Ich sage es geradeheraus: Im Bett war diese Frau wie ein Naturereignis. Ein Orkan. Ich hatte in fünfzig Jahren einiges erlebt, aber so etwas nicht. Jeden Tag. Sie fing an. Sie schlug Dinge vor. Sie kam auf Ideen, für die ich nicht einmal Begriffe kannte. Ich fühlte mich nicht nur wie mit zwanzig, sondern besser, weil ich mit zwanzig weder Geld noch Selbstbewusstsein gehabt hatte. Jetzt hatte ich beides. Und ich, erwachsener Mann, deutete das wie der letzte Dummkopf so: Sie kann nicht anders, weil ich so unwiderstehlich, reif und erfolgreich bin.
Nein, Klaus. Du warst einfach ein Schaf.
Das zweite Warnsignal kam nach zwei Monaten.
Ich rief sie an einem Freitagabend an. Sie ging nicht ran. Eine Stunde später meldete sie sich. Ihre Stimme war weichgewaschen, die Wörter zogen sich wie Honig über einen Löffel.
— Schaaatz, hallooo. Warum rufst du denn aaaan? Wir sitzen hier mit den Mädels, Nadines Geburtstag, voll lustig…
Betrunken. Und zwar richtig.
Ich fuhr hin. Den „Geburtstag“ feierte sie zu zweit: sie und eine Flasche Martini. Keine Nadine weit und breit. Vanessa saß auf dem Flur ihrer Einzimmerwohnung auf dem Boden, die Wimperntusche verlaufen, die Strumpfhose am Knie zerrissen, sie kicherte albern und versuchte aufzustehen.
— Oooch, Schatz, warum bist du denn gekommen? Ich hab doch gesagt, alles ist gut! Ich hab mich nur ein bisschen entspannt. Die Arbeit war so nervig.
— Ein bisschen? Du hast allein eine Flasche getrunken. Hast du dich gesehen?
— Und? Darf ich das nicht? Ich bin erwachsen. Ich bin fünfundzwanzig, wenn ich trinken will, trinke ich. Wenn es dir nicht passt, guck weg. Willst du mich jetzt erziehen?
Am nächsten Morgen saß ein völlig anderer Mensch vor mir. Blass, still, schuldbewusst. Sie knetete den Saum meines T-Shirts, die Augen feucht.
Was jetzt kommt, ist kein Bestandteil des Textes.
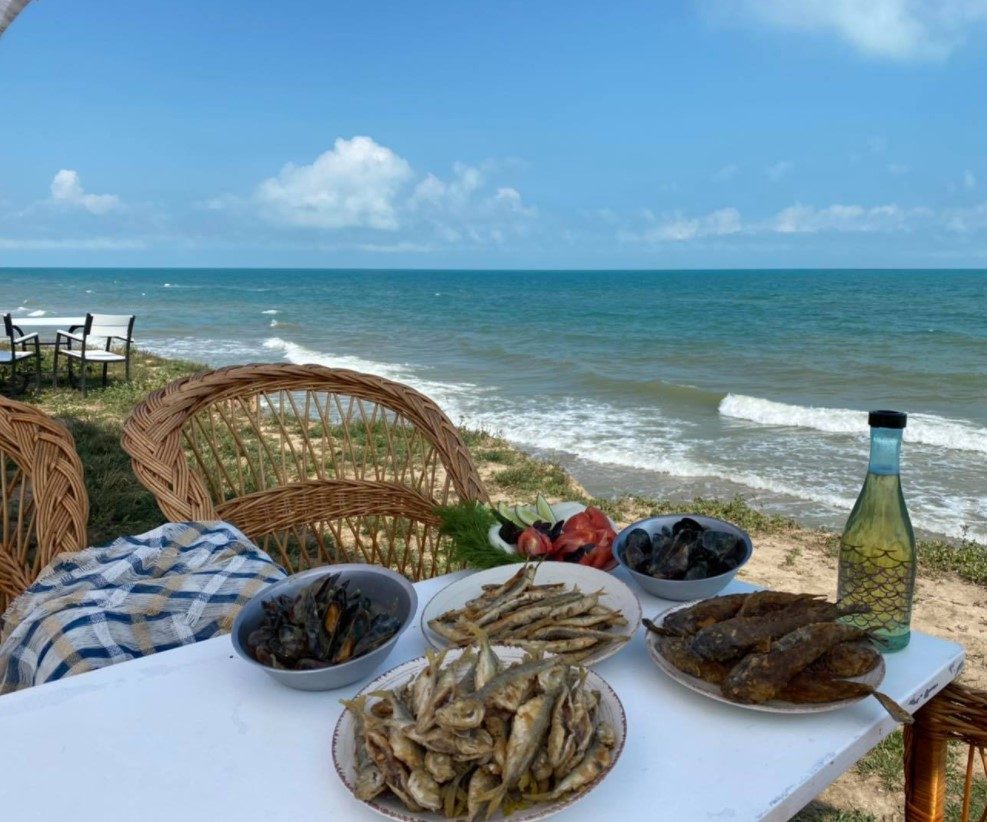 Restaurant Chernomorka. Vylov ryby﻿ | Odesa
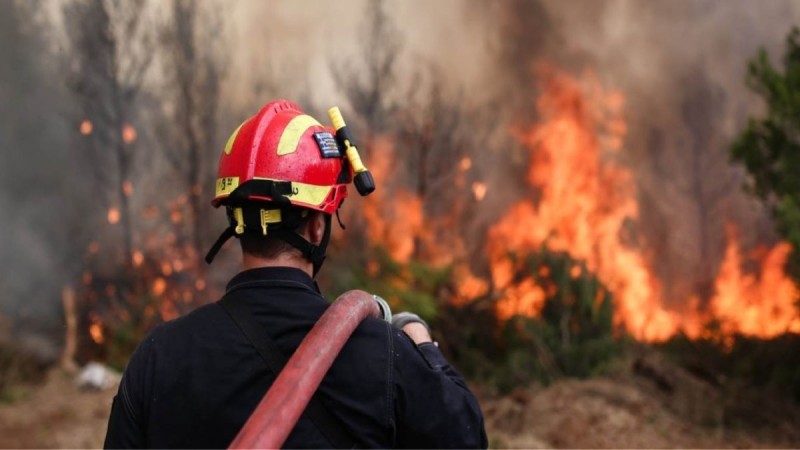 Πολύ υψηλός κίνδυνος πυρκαγιάς αύριο Πέμπτη σε Αττική - Δείτε τον Χάρτη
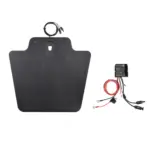 Solarpanel für Motorhaube inkl. Regler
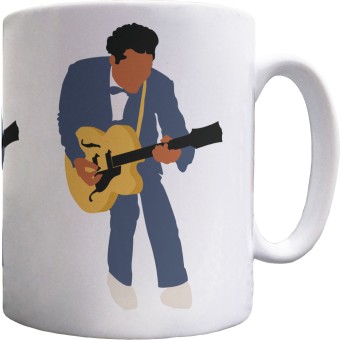 Chuck Berry Ceramic Mug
— Klaus, ich muss dir etwas gestehen. Das, was du gestern gesehen hast… das war kein Ausrutscher. Ich… ich trinke. Ernsthaft. Schon lange. Seit ich sechzehn bin. Ich schäme mich, aber ich will ehrlich zu dir sein.
— Seit sechzehn?
— Es ist eben so gekommen. Mein Vater hat getrunken. Meine Mutter auch. Ich habe das als Kind gesehen und bin irgendwann selbst reingerutscht. Aber ich kann aufhören. Wirklich. Für dich. Für uns. Ich will normal leben, ehrlich. Ich brauche nur einen starken Mann an meiner Seite, der mir hilft. Du hilfst mir doch, oder? Du lässt mich nicht allein?
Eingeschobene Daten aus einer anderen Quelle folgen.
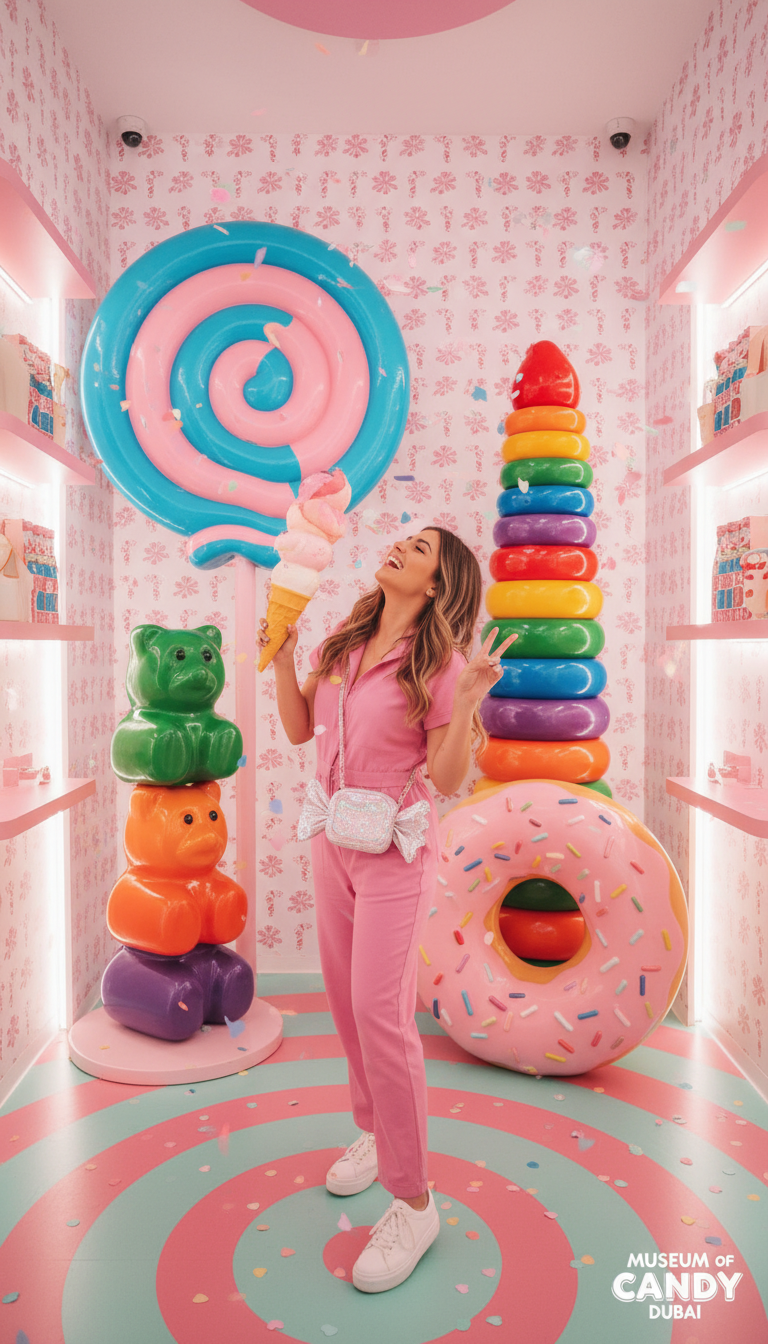 Museum of Candy Dubai Tickets photo 5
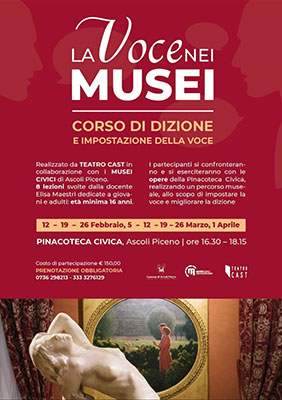 La voce nei musei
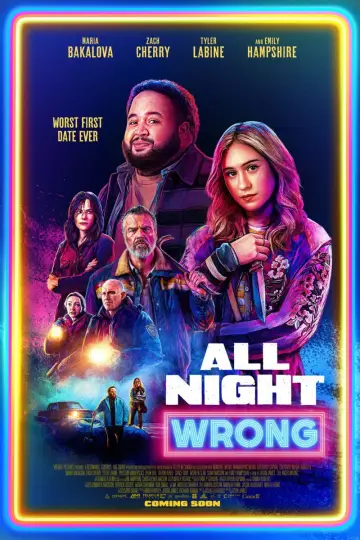 Plakat do filmu "All Night Wrong" #1177108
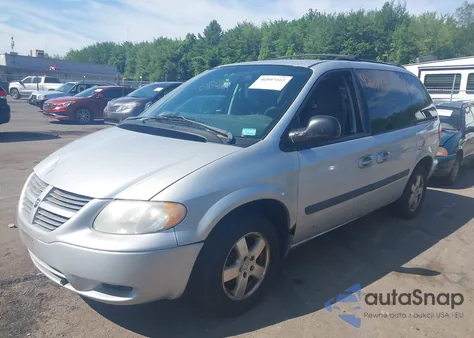 2005 Dodge Caravan Sxt z USA, uszkodzony, nr VIN 1D4GP45R35B414106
Und sie weinte. Schön weinte sie. Ohne Schreien, ohne Theater. Nur Tränen auf den Wangen, ein zitterndes Kinn und dieser Blick von unten nach oben. Wie ein Kätzchen, das jemand im Regen ausgesetzt hat.
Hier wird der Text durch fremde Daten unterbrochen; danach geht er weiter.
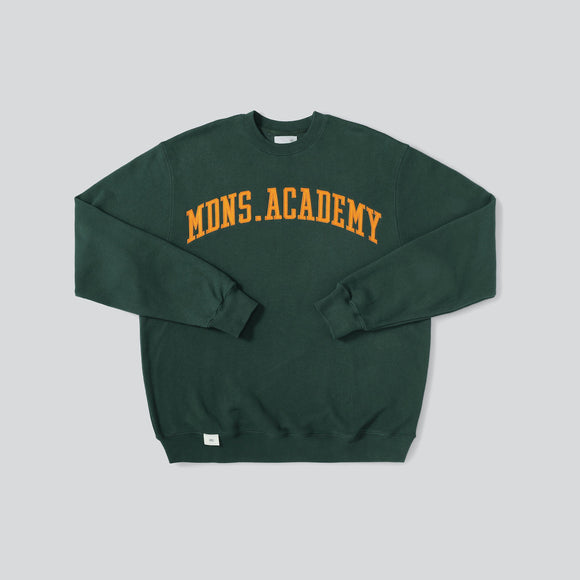 MADNESS EMBROIDERY LOGO SWEATER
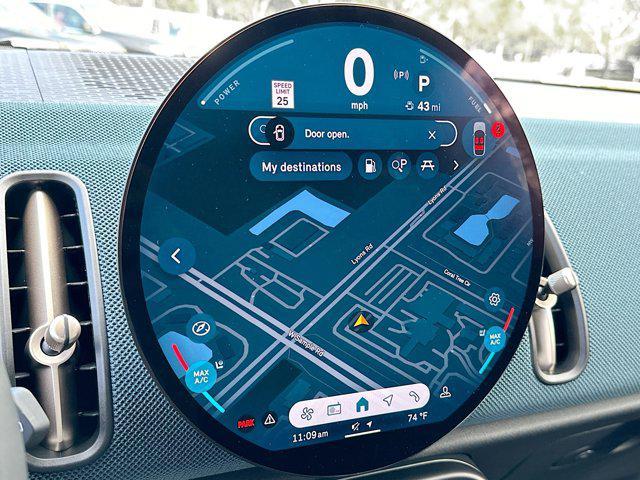 new 2025 MINI Countryman car, priced at $43,495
Was hätte ein vernünftiger Mann tun müssen? Ihr ein Taxi rufen und sagen: „Lass dich behandeln, komm auf die Beine, dann reden wir weiter.“ Was tat ich? Ich nahm sie in die Arme, drückte sie an mich und sagte:
— Natürlich helfe ich dir. Du schaffst das, und wir bleiben zusammen. Ich verspreche es.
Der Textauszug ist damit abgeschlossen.